This variety feels generous and unforced. Certain motifs volley back and forth across the tracks to help maintain cohesion despite difference—the vocoder funk of Talc's "Robot's Return (Modern Sleepover Part 2)," for example, finds a kindred spirit in Les Sins' "Grind," which appears 14 songs later, and a sweet trio of lovelorn club tracks late in the mix reminds you of the ease with Moodymann can compel movement. But this compilation packs a lot into a short amount of time, creating a Pavlovian state of expectation—what's next?

In the light of the political bent of the rest of his discography, even the more abstract eclecticism on display on Moodymann's DJ-Kicks feels weighted with meaning. Each transition that should be jarring, but isn't, feels suffused with empathy—the result of a unique ability to see common ground even when stylistic boundaries suggest irreconcilability. New York Times music critic Ben Ratliff writes in his new book Every Song Ever that "genre is a construct for the purpose of commerce, not pleasure," and Moodymann's collection seems cognizant of the political power of remaining genre-agnostic. It's a resistance to the status quo, even just on the level of what records he chooses to gracefully braid together.

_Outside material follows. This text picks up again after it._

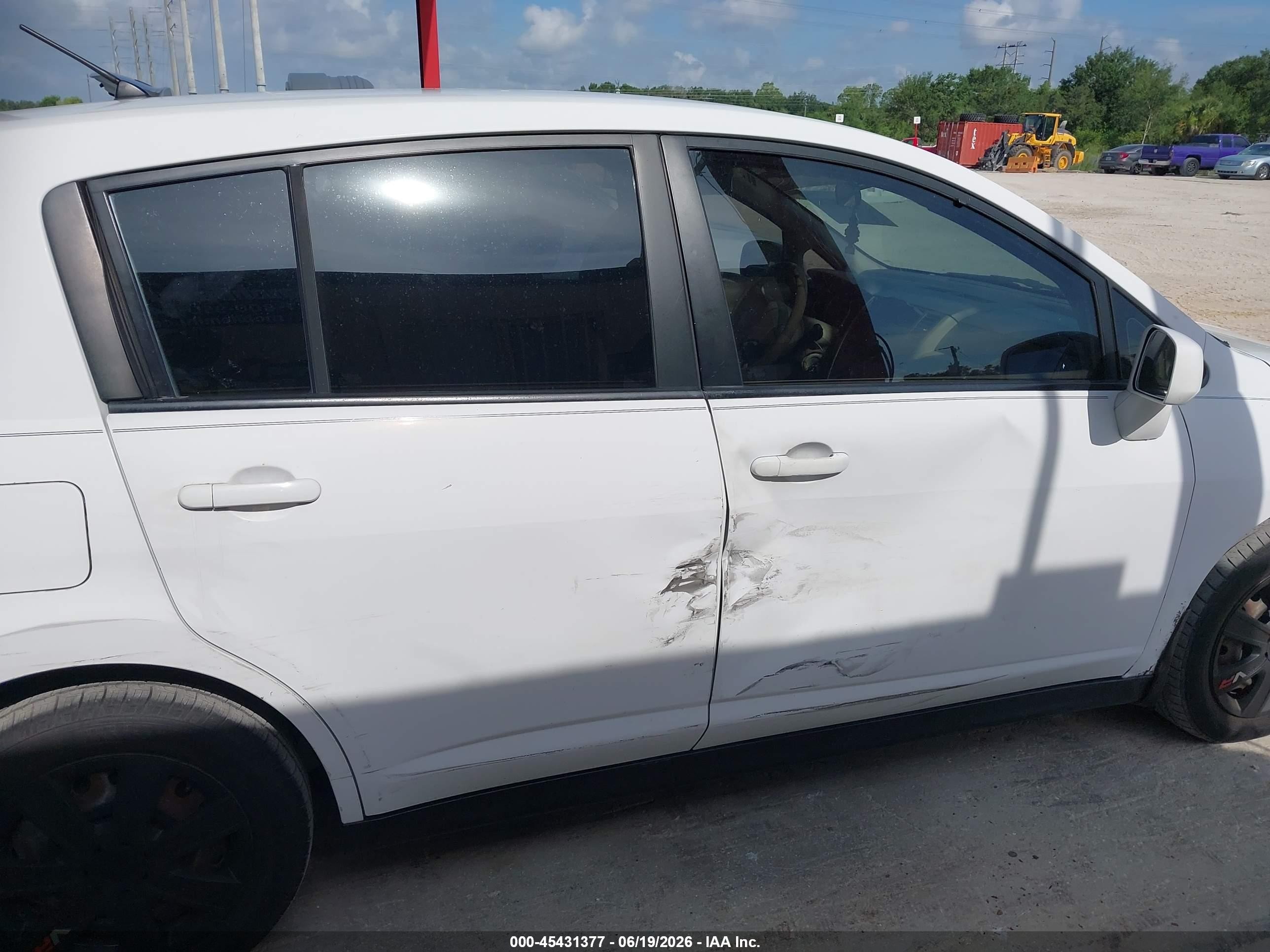 2009 Nissan Versa 1.8s White vin: 3N1BC13EX9L357153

The mix's final selection, a song from the Berlin-based DJ/producer Daniela La Luz drives home the sympathetic effect of the boundary-blurring work that preceded it. Its vocal refrains serve as reminders of the leveling power of sorrow. Some feelings are universal and remembering that fact can help summon the compassion necessary to obliterating lines of division: "Do you know the feeling of a broken heart?"